I am a bit confused on how CrossEntropyLoss works or I am not using it properly.
I understand the mathematical formula CrossEntropyLoss and am trying to implement it for AlphaZero.
My issue is with the policy part of the loss function which uses CrossEntropyLoss portion. I am new to this, but when I use CrossEntropyLoss on the predicted policy’s probabilities with the labeled policy’s probabilities it doesn’t seem to give me a number near 0 when the model is close. Even when I give it an identical model tensor for input and target, it still gives me a non-zero larger number) so I am confused as to how this is helping me as a loss function.
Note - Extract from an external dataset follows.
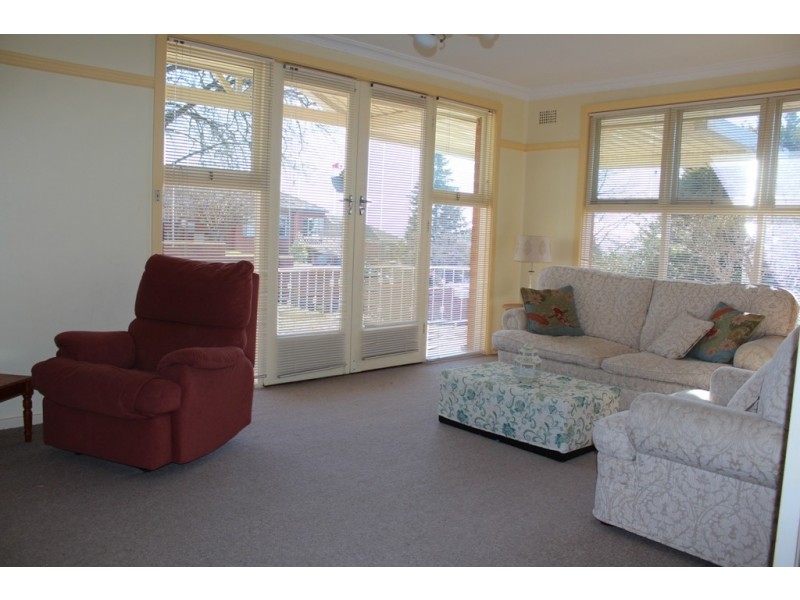 8 McKell Street, West Bathurst NSW 2795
Here is an example set of code where I am trying out CrossEntropyLoss and manually running CrossEntropyLoss through the sum of the multiplication of the policy with the log of the predictions
import torch
import torch.nn as nn
input = torch.FloatTensor([[.2,.3,.3,.2],[.3,.2,.3,.2],[0,0,.8,.2],[0.1,0.1,.6,.2]])
logInput = input.log()
cross_entropy_loss = nn.CrossEntropyLoss(reduce=False, reduction=“mean”)
output = cross_entropy_loss(input, input)
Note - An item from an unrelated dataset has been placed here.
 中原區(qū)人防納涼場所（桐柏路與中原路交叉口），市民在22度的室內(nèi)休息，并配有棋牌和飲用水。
output2 = torch.sum(-input * torch.nan_to_num(input.log(), neginf=0.0), dim=1)
print('output: ', output)
print('output2: ', output2)
output: tensor([1.3775, 1.3775, 1.0151, 1.2390])
output2: tensor([1.3662, 1.3662, 0.5004, 1.0889])
When I use it on a larger tensor (for example I am using a tensor of length 4672) then it gets very wonky and the outputs end up around 8.4
Three questions:
- Am I doing something wrong in trying to implement cross entropy loss? Of course instead of running it against itself I would run it against predictions, but this was just to test the loss function
- If this is the correct output of CrossEntropyLoss, how will this help the AlphaGo algorithm learn?
- Why are the above two outputs different? I thought this was what the CrossEntropyLoss calculation was.
Thank you